By the early twentieth century, as modern disciplines were introduced and field investigation gained prominence, numerous empirical survey reports emerged. Some continued to bear the title fengtu ji, including Wang Zhicheng’s Nanyang Fengtu Jianwen Lu (Observations on Nanyang Customs) and Yao Hesheng’s Shuibaiyi Fengtu Ji (Notes on the Customs of the Dai Ethnic Group). Over time, however, as fengtu writing gave way to modern ethnography, the conceptual foundations of fengtu were gradually displaced by progressivist, scientific, and modern state-oriented perspectives. These reports emphasized scientific rigor and objectivity in ethnography, analyzing human differences but largely abandoning fengtu ji’s relational “subject–object” framework and holistic integration of the human and natural worlds. As a result, scientific ethnography diverged from fengtu ji, reducing fengtu to material facts disconnected from civilizational and moral order, incorporating nature into cultural-scientific analysis as technical and instrumental data; national boundaries became increasingly clear and stable, while attention to temporal continuity and civilizational linkages between self and other diminished.

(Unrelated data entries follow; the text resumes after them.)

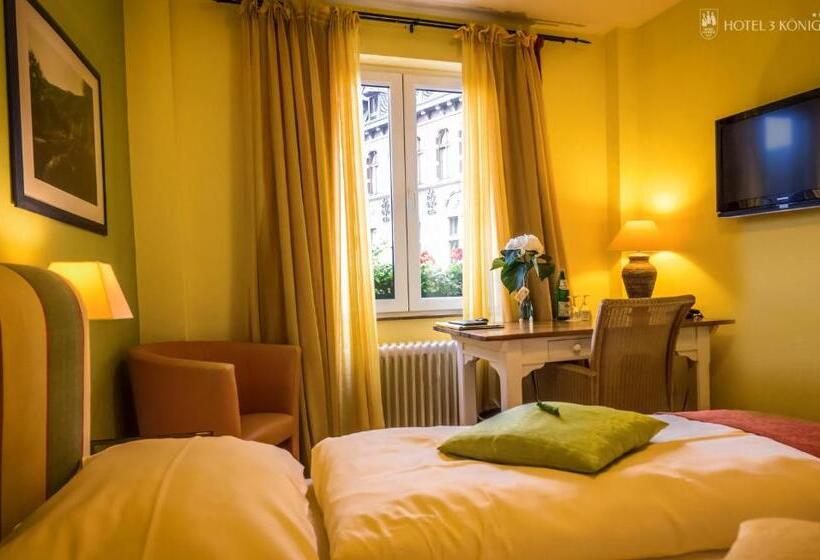 Номер Стандарт, 3 Konige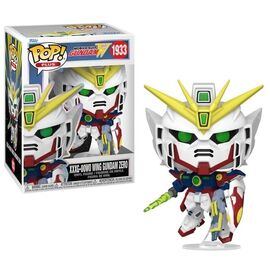 GUNDAM - POP Plus N° 1933 - XXXG-00W0 Wing Gundam Zero
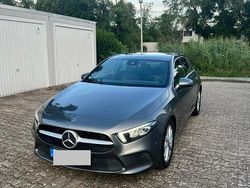 Grau Gebraucht 2019 Mercedes A220 Limousine | 22.500 € (Fairer Preis)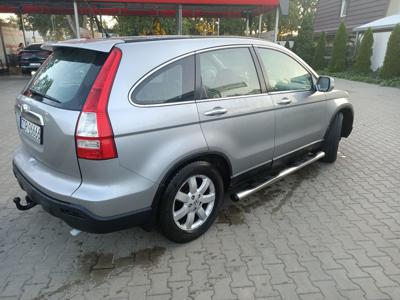 Honda CR-V lll 2007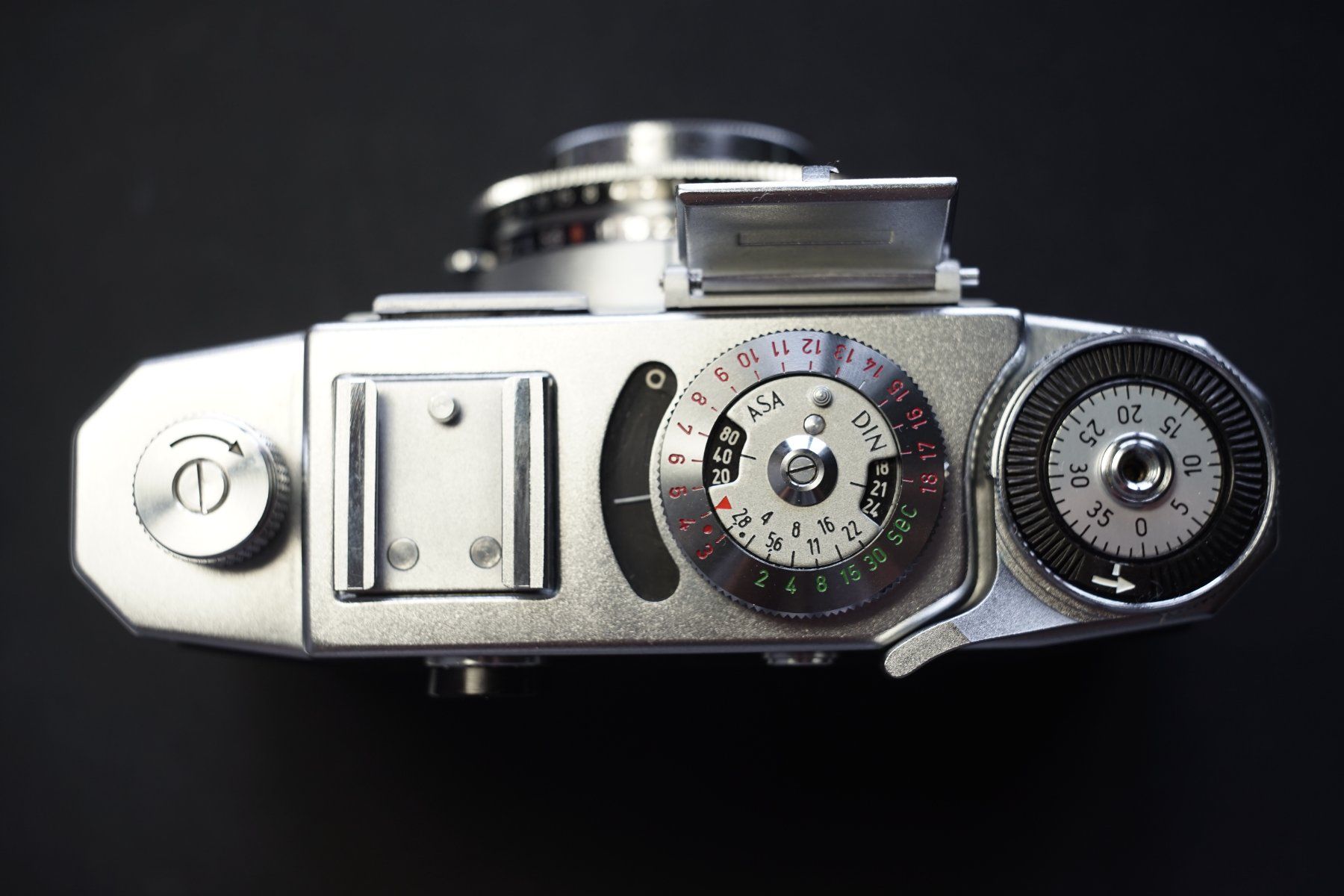 Zeiss Kamera: zeiss ikon 527/24 Camera – Gebraucht aus Steinhausen von joe_9htr 4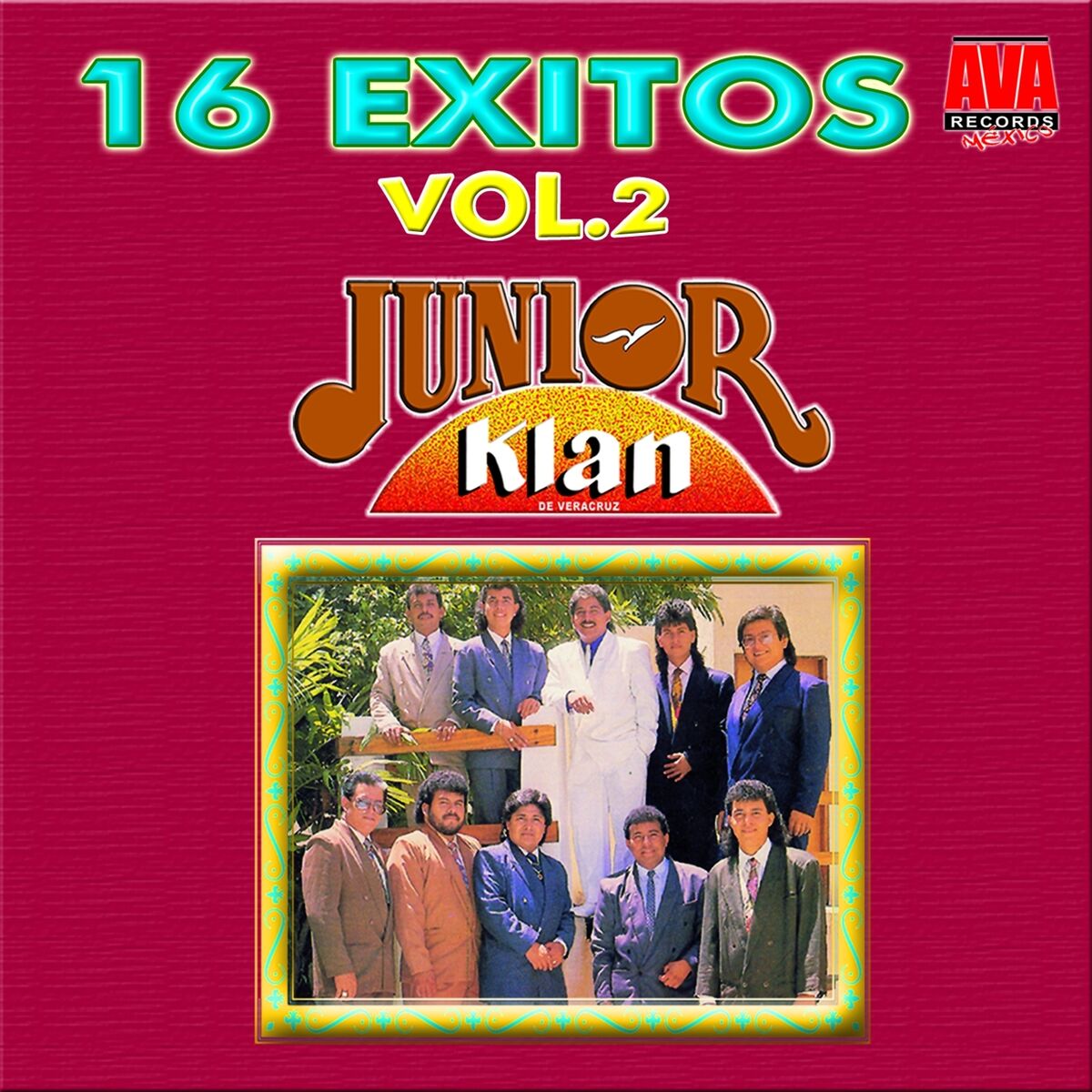 Album cover of 16 Exitos, Vol. 2
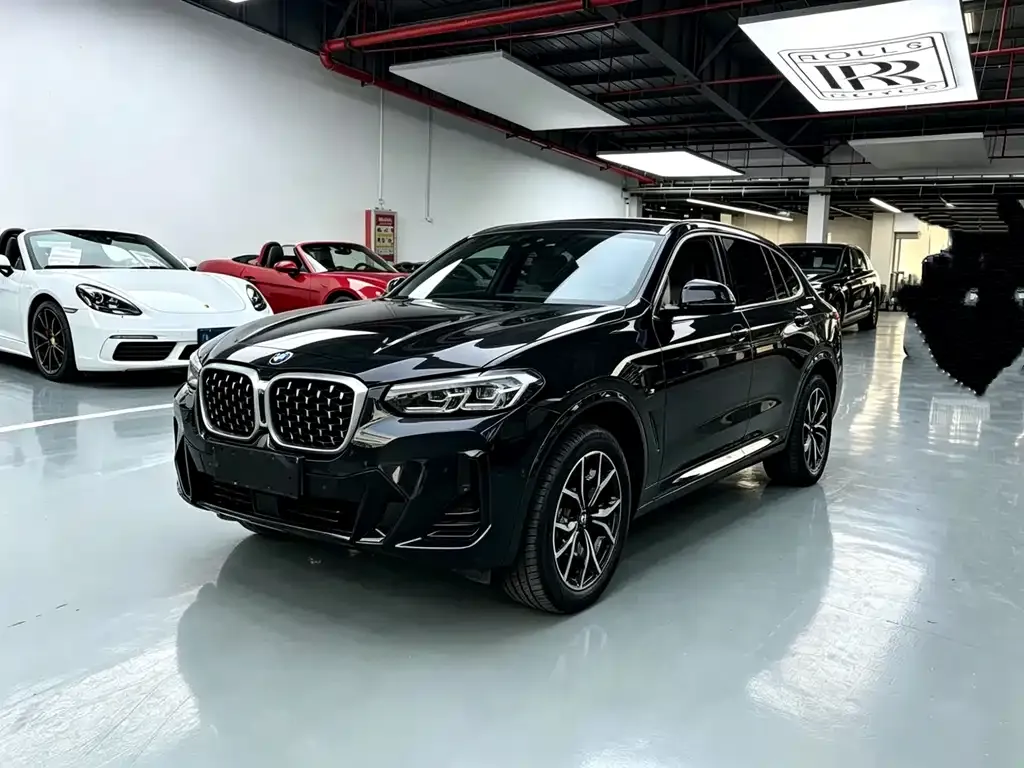 BMW X4 — фото 1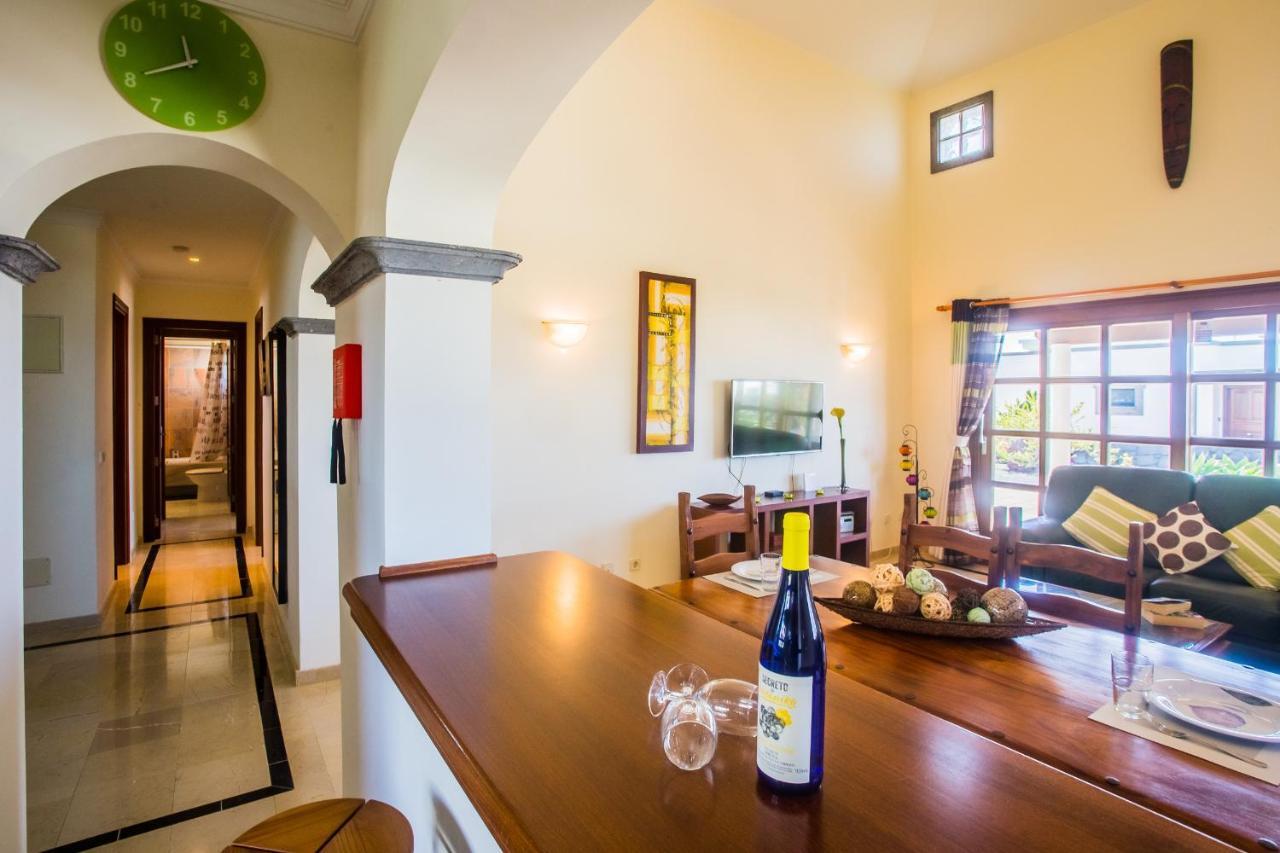 Villa Eleonor Playa Blanca  Esterno foto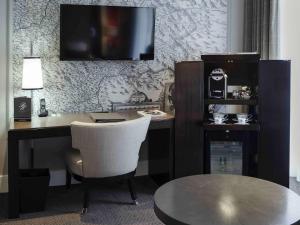 Hotels Park Hotel Grenoble - MGallery : photos des chambres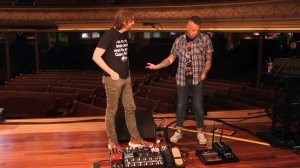 Sadler Vaden, Guitarist with Jason Isbell & The 400 Unit- ART Tube MP_C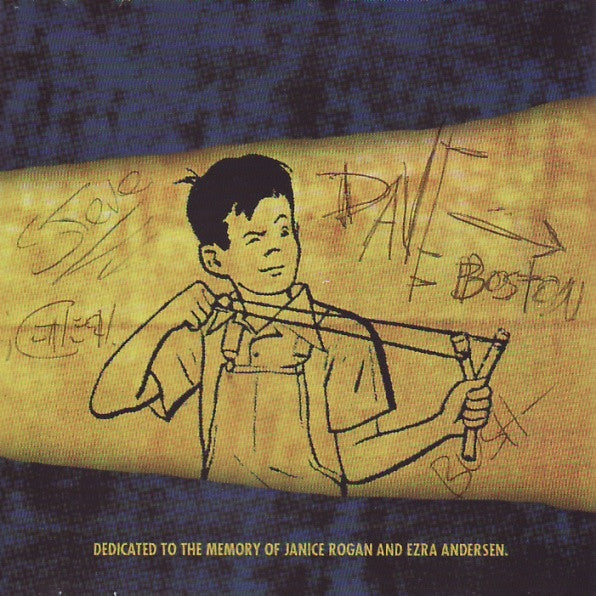 Big D And The Kids Table : Good Luck (HDCD, Album)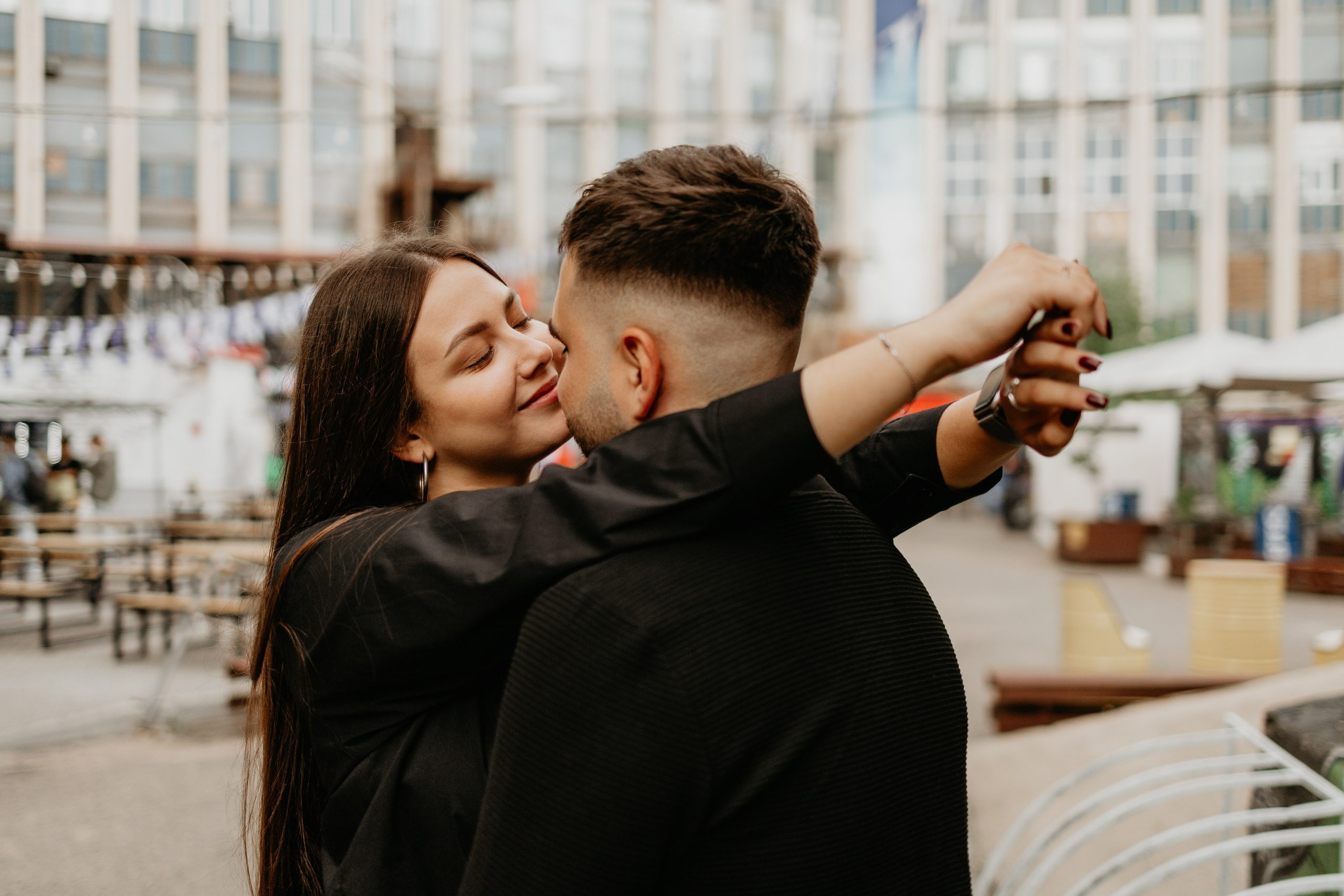 Ростислав и Мария. Свадебный и портретный фотограф Минск Евсович Инна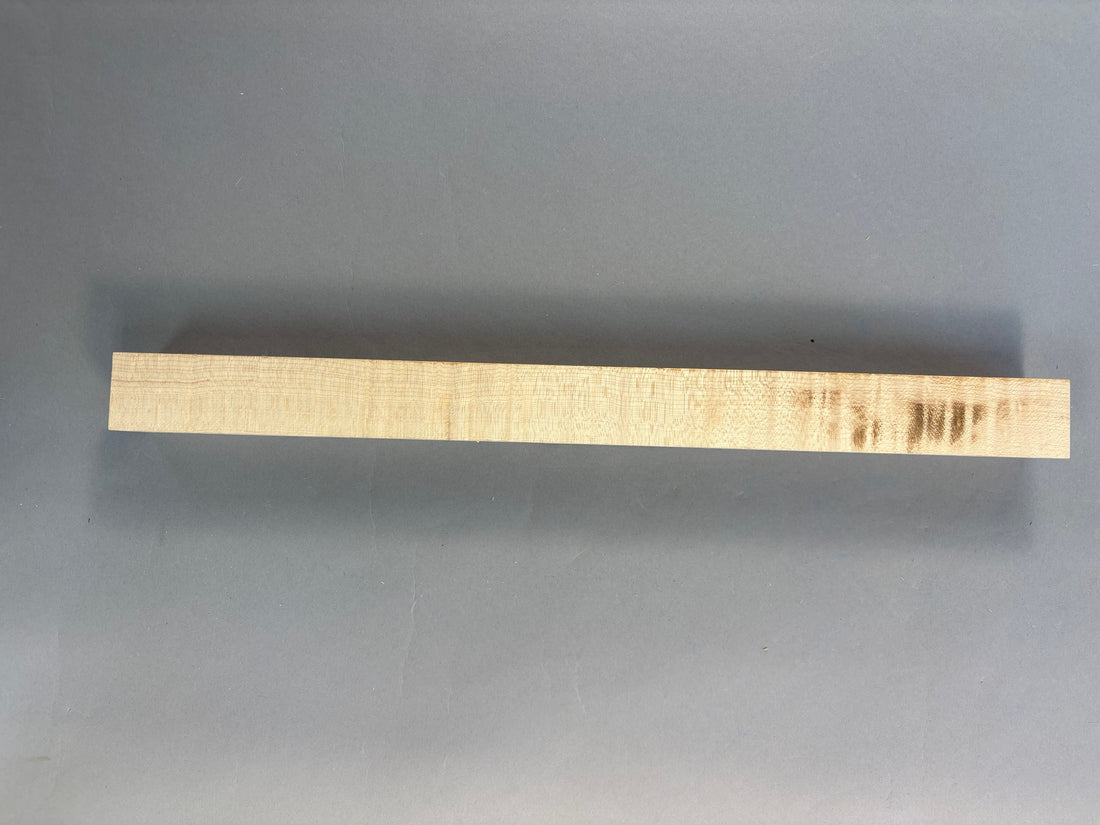 Birdseye Maple Pool Cue Blank-BEPC2-$65 Includes Shipping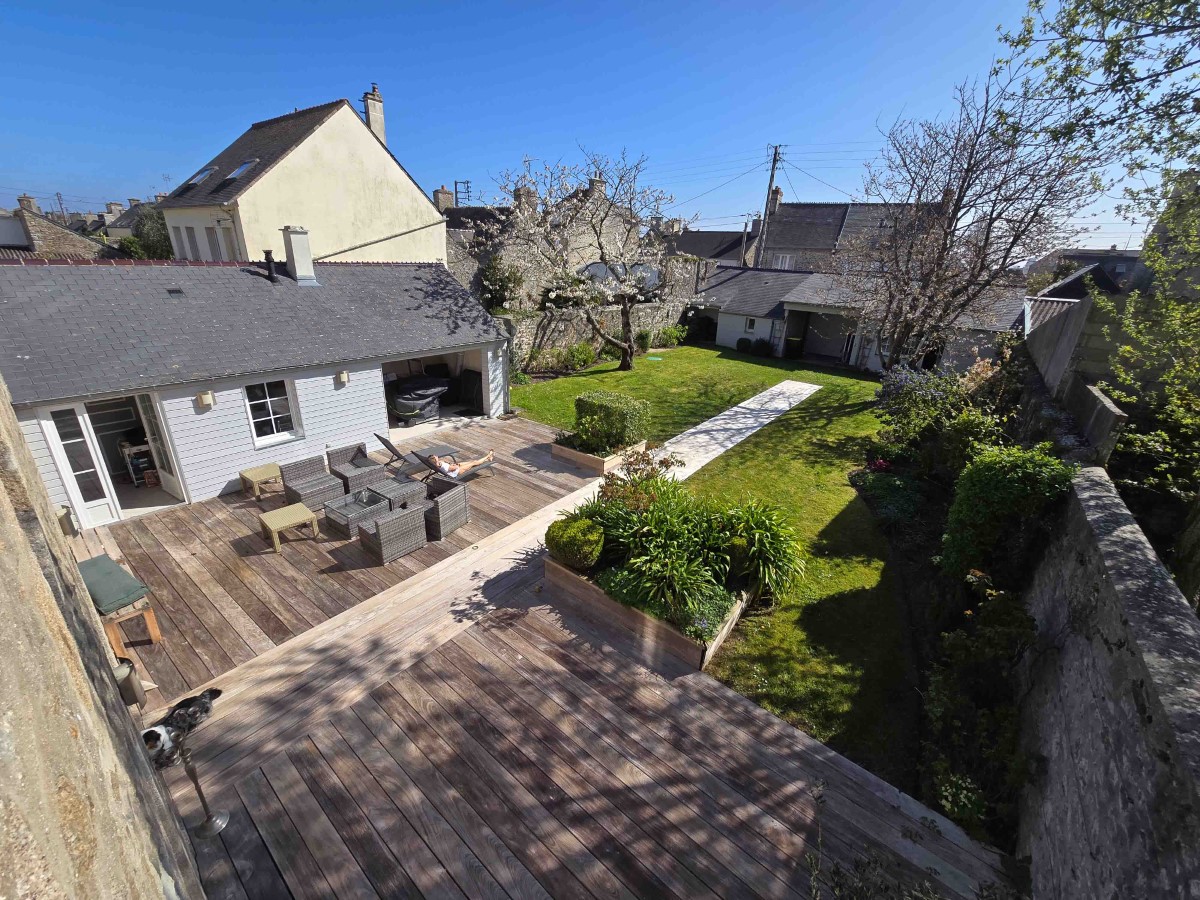 Gîte à Saint-Vaast-la-Hougue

In sum, the mode of observation embodied in fengtu ji not only inherits the Chinese historical-geographical framework of human-nature co-constitution but also offers a basis for dialogue and comparison with other civilizational knowledge systems rooted in locality, symbolism, and ethical perception. Such comparison reveals that fengtu knowledge reflects the internal structure of civilization itself, grounded in dynamic relationships between locality and cosmos, and life and environment, rather than in singular social institutions, offering a cross-civilizational cognitive foundation. Moreover, the relational conception of the other inherent in fengtu ji helps loosen the grip of binary oppositions—self and other, inside and outside—freeing observation from the constraints of nation, ethnicity, culture, and community, and fostering a dynamic, relational perspective on the world. This approach situates landscapes within analyses of social structures and civilizational processes, attending to resources and their flows to trace cross-regional connections. Simultaneously, regional comparisons of customs, seasonal cycles, and rituals reveal the logic by which time and social order are constructed across civilizations, elucidating the interplay among humans, nonhumans, life, artifacts, deities, and climate. In short, this comparative approach extends beyond institutions and formal structures to the civilizational conditions, symbolic order, and ethical framework of fengtu, advancing a genuinely civilizationally informed ethnography.
Zhang Fan is an associate professor from the Department of Sociology at Peking University. This article has been edited and excerpted from Folklore Studies, Issue 4, 2025.